Not just to describe who God is… but to help us define who we are.
So, we consider: In the beginning
every one spoke one language! And then out of our hubris (which isn’t too hard too imagine) we decided we could build a tower all the way to Heaven. (A hierarchy of course: the narrative puts God up there at the top.) Yet, we thought we could become as powerful as God.
So the story goes…that God confused our language, so we couldn’t understand one another… and then scatters us across the face of the earth.
Two things, yes: A way to tell our children a story about how we have so many different cultures and languages, while also instilling a lesson about power (that as a covenant people, we believe, that it is God who has “the kingdom, the power, and the glory” - and not one of us).

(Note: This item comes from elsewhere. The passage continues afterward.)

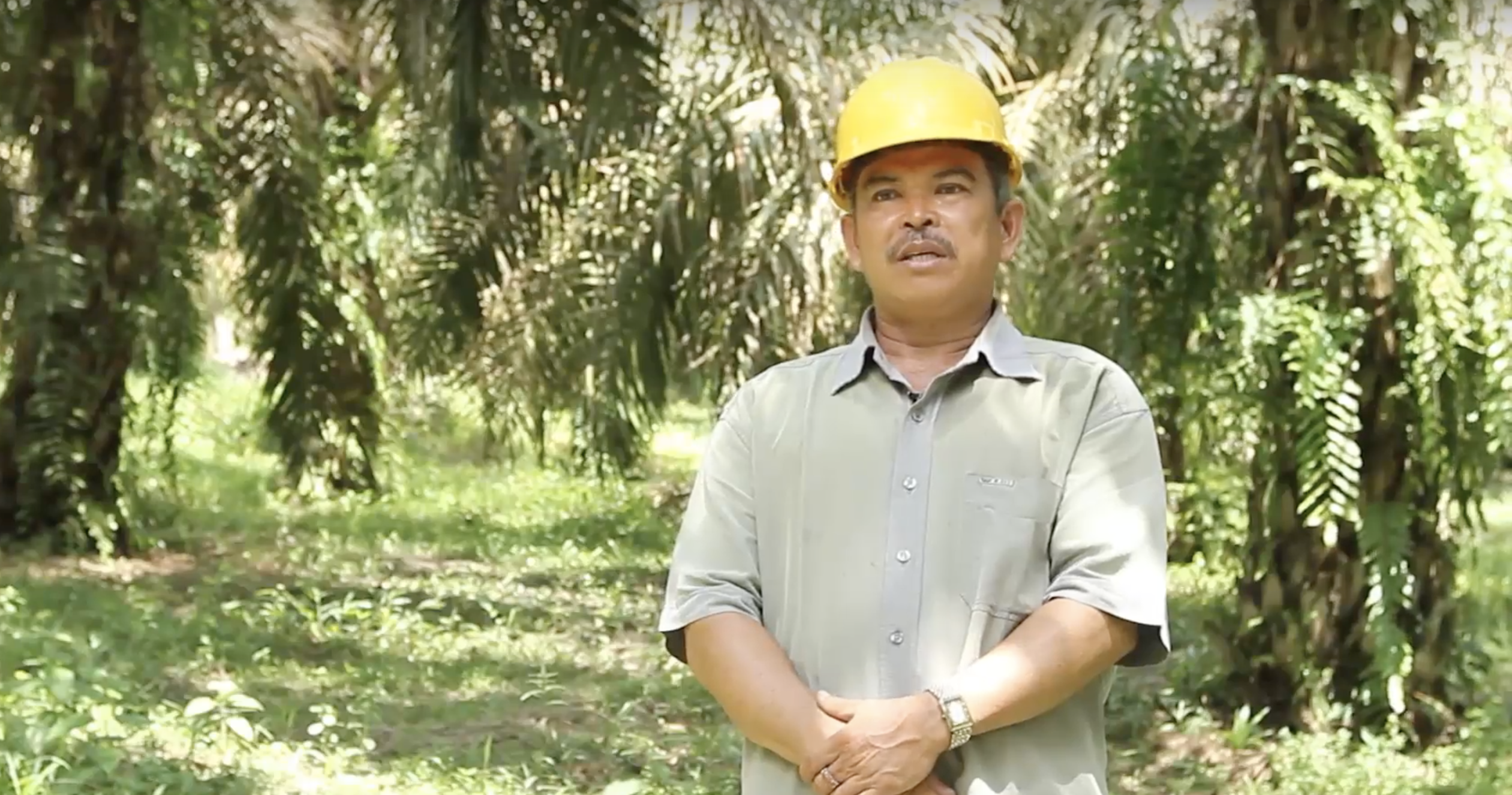 An oil palm farmer’s positive impact on the environment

In our second reading: When the day of Pentecost had come, there is a gathering in Jerusalem for the Festival of Weeks (otherwise known as the Feast of Harvest. Shavout. It occurs seven weeks after Passover (about 50 days). Pentecost means 50, so the Greeks named this festival Pentecost.

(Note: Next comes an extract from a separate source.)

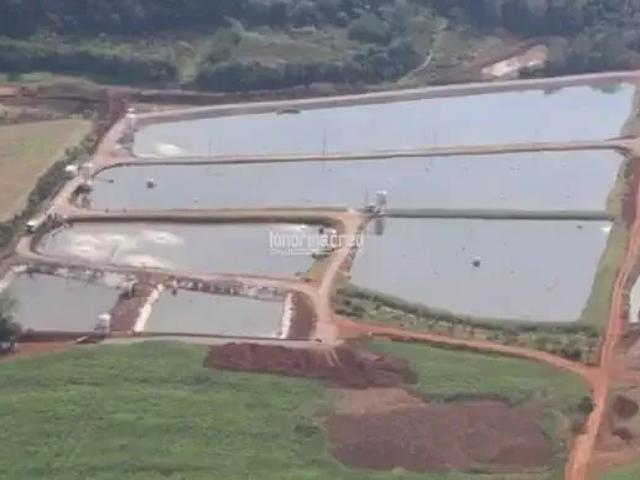Sítio / Chácara para Venda em Nova Santa Rosa/PR Zona Rural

Like at Passover, there were people from many nations gathered in Jerusalem. It is one of the three times the people are appointed to gather in Jerusalem…and the peoples have come from all over (many nations as the passage describes).
Suddenly a great wind or breath moves over the disciples with flames that look like tongues and they were filled with the Holy Spirit and the ability to preach the Gospel in every language. People wonder how this could be?! That they understand!

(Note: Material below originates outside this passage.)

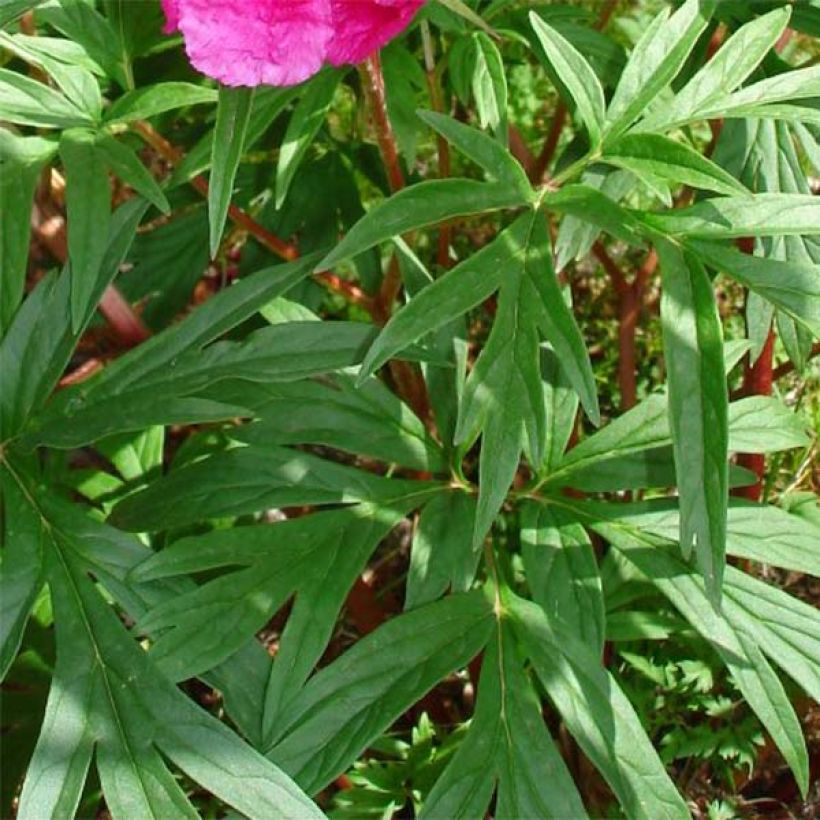 Paeonia anomala (Folhagem)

Pentecost in Christianity represents the day the Holy Spirit was revealed to all people…our advocate and guide who Jesus had promised will come.
It is contrasted with the tower of babel to show that this scattering of nations has been healed by the peace of the Holy Spirit lighting upon us with a united understanding of the heart: the advocate who provides wisdom, advocacy and consolation.
But the Tower of Babel remains a potent myth and a cautionary tale for our world today.
I often refer to the internet as “the tower of babel”. The internet has created a global network with an ability to communicate vast amounts of information over a fast distance in a short period of time.
We have a tool very much like the tower. Rather than being a forum for global diversity and the exchange of ideas and coming to understanding and solutions, it is supporting so many social media forums where we have become politically polarized.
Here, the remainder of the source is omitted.